I don’t think I have ever felt so profoundly sad as I have with the passing of Prince Liam the Brave. Now you have to understand, this was a kid I had never met. He didn’t know me, and I didn’t have the great fortune of knowing him. And what’s more, until the day of his service, I had never met his parents Gretchen and Larry, nor his little sister Ella. Well, I shouldn’t really say that. Gretchen and I had met, via email, almost 4 years back, after I read a blurb about her blog in a parenting magazine. I spent an evening reading her words from the beginning, and something about her raw honesty and open love for her son changed me forever. And I don’t say that lightly. We connected, and over these years I’ve watched her ferociously fight for her son. Fight tooth and nail, while all the while maintain the utmost, and I mean utmost, dignity for this extraordinary little boy who was allowed to live an extraordinarily normal life. This is the woman who sent ME a gift when Milan was born. I think it might be an inkling as to where Liam’s nature comes from.
My husband has cried five times in the 13 years I have known him. Once at the birth of each of our 3 children, once when we had a fight (we don’t fight, so that was why he cried) and, the evening we found out that Liam had passed. He went to the kitchen to make me a cup of tea, and the sniffs I could hear turned into great, giant wails. We clung to eachother and cried these encapsulating sobs for a child we had never met but who had touched us both so deeply. On Monday, when I sat in that church, surrounded by firemen and close on 750 other people, I could see that each and every one of us had been touched in such a significant way.
I think in Liam, Darian and I saw bits of our kids. Max’s love and sensitivity, Mia’s sweet smile and Milan’s constant why, why, why nature. And in Gretchen we saw this fearsome, lion hearted mother who was trying to roar her loudest roar at Cancer and whose love for her child is the most intense manifestation of true love that one could ever witness. Pure, raw, heartbreaking, heartwarming, amazing, love, love, love.
Maybe I thought that love was the strongest drug. Or was it hope? I guess I never thought that Liam would really die. How could God, or whomever is in charge of these things, allow a kid like this to die? Surely they could see how incredible he was? Couldn’t they appreciate how much he was adored, or at least recognize his amazing spirit and resilience? But no. Apparently Neuroblastoma doesn’t work like that. Apparently it doesn’t care.

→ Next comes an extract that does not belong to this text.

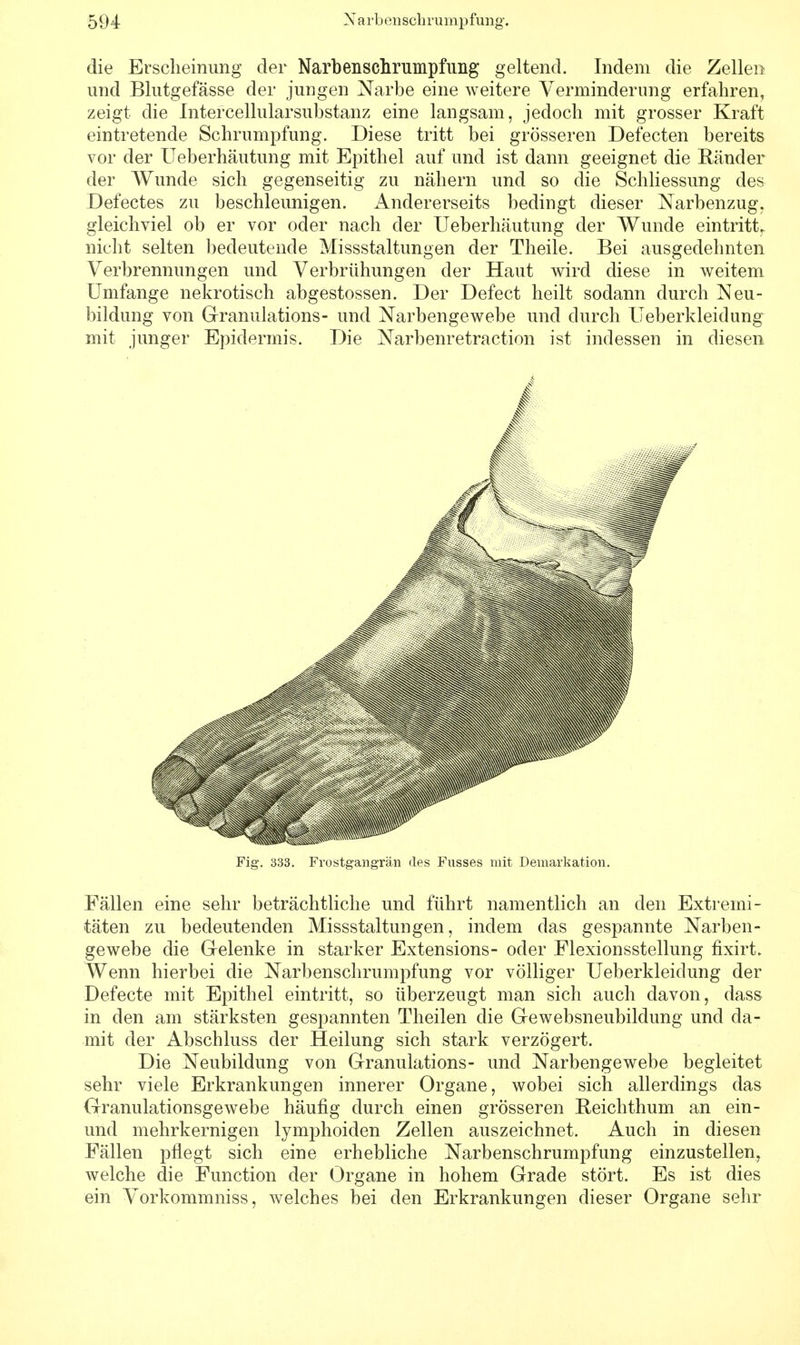 die Erscheinung der Narbenschrumpfung geltend. Indem die Zellen und Blutgefässe der jungen Narbe eine weitere Verminderung erfahren, zeigt die Intercellularsubstanz eine langsam, jedoch mit grosser Kraft eintretende Schrumpfung. Diese tritt bei grösseren Defecten bereits vor der Ueberhäutung mit Epithel auf und ist dann geeignet die Ränder der Wunde sich gegenseitig zu nähern und so die Schliessung des Defectes zu beschleunigen. Andererseits bedingt dieser Narbenzug. gleichviel ob er vor oder nach der Ueberhäutung der Wunde eintritt, nicht selten bedeutende Missstaltungen der Theile. Bei ausgedehnten Verbrennungen und Verbrühungen der Haut wird diese in weitem Umfange nekrotisch abgestossen. Der Defect heilt sodann durch Neu- bildung von Granulations- und Narbengewebe und durch Ueberkleidung mit junger Epidermis. Die Narbenretraction ist indessen in diesen Fig. 333. Frostgangrän <les Fusses mit Demarkation. Fällen eine sehr beträchtliche und führt namentlich an den Extremi- täten zu bedeutenden Missstaltungen, indem das gespannte Narben- gewebe die Gelenke in starker Extensions- oder Flexionsstellung fixirt. Wenn hierbei die Narbenschrumpfung vor völliger Ueberkleidung der Defecte mit Epithel eintritt, so überzeugt man sich auch davon, dass in den am stärksten gespannten Theilen die Gewebsneubildung und da- mit der Abschluss der Heilung sich stark verzögert. Die Neubildung von Granulations- und Narbengewebe begleitet sehr viele Erkrankungen innerer Organe, wobei sich allerdings das Granulationsgewebe häufig durch einen grösseren Reichthum an ein- und mehrkernigen lymphoiden Zellen auszeichnet. Auch in diesen Fällen pflegt sich eine erhebliche Narbenschrumpfung einzustellen, welche die Function der Organe in hohem Grade stört. Es ist dies ein Vorkommniss, welches bei den Erkrankungen dieser Organe sehr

But a whole lot of people do. In a bright white room, filled with love and orange, people gathered to celebrate Gretchen and Larry’s child. And cookies. I can’t not mention the tables laden with cookies of all shapes and sizes and colors. I was particularly fond of the green hearts with a dot of red jam that tasted like almonds and sweet smiles. Orange Chinese lanterns hung from the roof, strung amongst the sparkling chandeliers, against the backdrop of the water. And Ella, played with friends. Giggles as the bigger boys chased her. Hiding under a table in her pretty blue dress, an orange flower for her brother in her hair. I wonder if she’ll have phantom limb syndrome. She is missing a part of her. She is only 5 and that’s not fair. Not fair at all. So goddamn not fair.

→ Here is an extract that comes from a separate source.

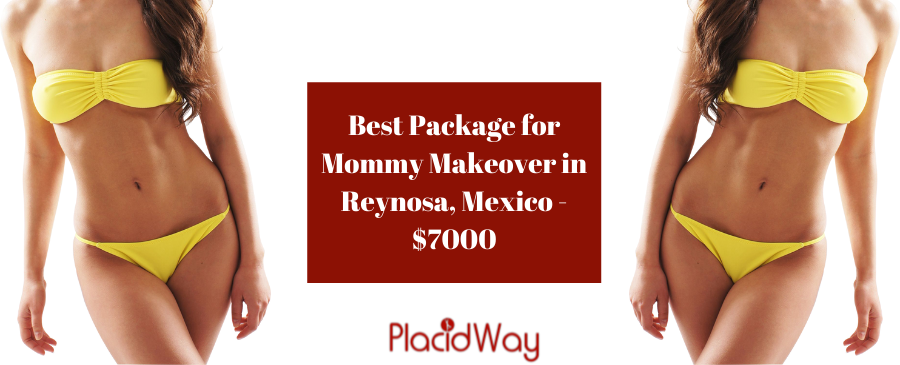 Mommy Makeover in Reynosa, Mexico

And I looked at Gretchen, who never left the front of the room, a stream of well wishers providing a constant flow of hugs and tears. I looked around the room, at the faces, wounded, truly wounded by why they were here. Broken because of the reason they stood beneath the balls of paper orange, a wooden urn decorated with a red ceramic heart before them. And I knew, that each and every person there, had been touched in the same, inexplicable way that I had. And as I watched the tears pour from Gretchen’s face, an unending supply of searing grief, I made a promise to myself, and to Liam, that I would do whatever it takes to honor him, and LOVE LIKE LIAM. Today and every day. I’m wearing an orange cord on my wrist. It was in the program at his service with the words, “Please tie this orange bracelet on your wrist and wear it as a constant reminder of Liam’s love for life, and the perseverance and determination he showed while living it.”
So go forward with love. Don’t take it lightly. Live with fervor. Don’t hesitate to share and to feel. There was a little boy, whose story we are trying to tell, not only because it could help save other kids, but because he has taught us all the most valuable lessons in life, and in love.
Buy cookies – lots of them, at www.cookiesforkidscancer.org. Share Liam’s story with others. Get them to buy cookies. Hold a bake sale. Do something. Do anything. Tell someone you love them. And most of all, if anything has been learned from this all, LOVE LIKE LIAM.